** Try it **
Take every line containing "Super" out of the records.

** Exercise data **
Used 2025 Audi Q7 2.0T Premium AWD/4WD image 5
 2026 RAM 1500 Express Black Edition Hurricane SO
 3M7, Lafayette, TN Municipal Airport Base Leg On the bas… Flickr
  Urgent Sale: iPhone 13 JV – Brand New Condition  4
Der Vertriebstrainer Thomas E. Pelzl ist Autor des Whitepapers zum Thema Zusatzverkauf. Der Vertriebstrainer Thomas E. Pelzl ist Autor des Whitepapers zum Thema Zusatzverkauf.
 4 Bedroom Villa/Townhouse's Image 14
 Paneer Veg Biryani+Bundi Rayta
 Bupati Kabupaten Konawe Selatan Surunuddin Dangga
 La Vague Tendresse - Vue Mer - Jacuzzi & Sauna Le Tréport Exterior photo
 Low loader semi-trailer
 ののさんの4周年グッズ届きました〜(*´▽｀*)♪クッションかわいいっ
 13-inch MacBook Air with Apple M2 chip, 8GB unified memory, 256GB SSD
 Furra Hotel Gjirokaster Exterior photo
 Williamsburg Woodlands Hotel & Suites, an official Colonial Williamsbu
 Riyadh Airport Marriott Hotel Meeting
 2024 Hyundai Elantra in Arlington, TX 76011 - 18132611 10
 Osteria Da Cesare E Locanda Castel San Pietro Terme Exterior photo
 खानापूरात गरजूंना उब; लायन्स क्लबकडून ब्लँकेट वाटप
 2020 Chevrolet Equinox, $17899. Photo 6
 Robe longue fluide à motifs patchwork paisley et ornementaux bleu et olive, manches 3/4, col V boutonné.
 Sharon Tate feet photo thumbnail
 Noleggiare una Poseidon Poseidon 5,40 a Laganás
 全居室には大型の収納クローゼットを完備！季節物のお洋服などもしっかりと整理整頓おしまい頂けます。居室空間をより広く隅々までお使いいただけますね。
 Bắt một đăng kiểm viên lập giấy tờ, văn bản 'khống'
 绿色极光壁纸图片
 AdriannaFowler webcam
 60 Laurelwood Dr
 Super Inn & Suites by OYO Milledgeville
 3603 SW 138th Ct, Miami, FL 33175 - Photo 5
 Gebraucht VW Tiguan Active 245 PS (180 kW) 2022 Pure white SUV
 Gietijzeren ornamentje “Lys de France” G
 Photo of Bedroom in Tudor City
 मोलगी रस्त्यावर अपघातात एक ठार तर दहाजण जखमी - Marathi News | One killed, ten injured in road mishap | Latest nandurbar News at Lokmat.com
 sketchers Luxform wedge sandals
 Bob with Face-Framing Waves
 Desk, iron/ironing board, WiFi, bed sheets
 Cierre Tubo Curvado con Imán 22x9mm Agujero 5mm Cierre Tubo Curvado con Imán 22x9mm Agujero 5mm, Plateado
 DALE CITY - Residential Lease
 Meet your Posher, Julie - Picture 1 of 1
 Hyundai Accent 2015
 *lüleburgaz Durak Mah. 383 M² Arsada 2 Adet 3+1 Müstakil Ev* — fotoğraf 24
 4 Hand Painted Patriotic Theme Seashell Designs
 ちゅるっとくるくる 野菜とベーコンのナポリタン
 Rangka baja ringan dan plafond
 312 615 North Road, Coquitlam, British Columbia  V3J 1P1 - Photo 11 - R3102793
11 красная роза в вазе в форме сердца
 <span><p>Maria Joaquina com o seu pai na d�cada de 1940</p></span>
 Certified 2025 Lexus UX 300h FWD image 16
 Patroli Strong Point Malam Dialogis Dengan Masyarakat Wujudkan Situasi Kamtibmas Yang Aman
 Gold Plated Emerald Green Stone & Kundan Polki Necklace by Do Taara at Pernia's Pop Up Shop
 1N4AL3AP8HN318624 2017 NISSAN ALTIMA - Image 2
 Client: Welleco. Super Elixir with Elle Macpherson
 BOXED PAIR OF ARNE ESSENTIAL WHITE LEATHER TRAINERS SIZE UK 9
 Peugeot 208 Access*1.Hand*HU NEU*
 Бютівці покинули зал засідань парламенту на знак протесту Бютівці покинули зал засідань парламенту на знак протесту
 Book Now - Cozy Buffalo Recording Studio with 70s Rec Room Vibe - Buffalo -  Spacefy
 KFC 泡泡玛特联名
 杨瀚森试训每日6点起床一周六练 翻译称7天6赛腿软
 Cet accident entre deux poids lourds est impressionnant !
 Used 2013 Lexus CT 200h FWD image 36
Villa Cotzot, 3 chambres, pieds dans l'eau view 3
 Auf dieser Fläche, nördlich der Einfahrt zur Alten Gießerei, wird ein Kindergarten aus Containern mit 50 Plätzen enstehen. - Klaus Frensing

** Problem solution **
 Super Inn & Suites by OYO Milledgeville
 Client: Welleco. Super Elixir with Elle Macpherson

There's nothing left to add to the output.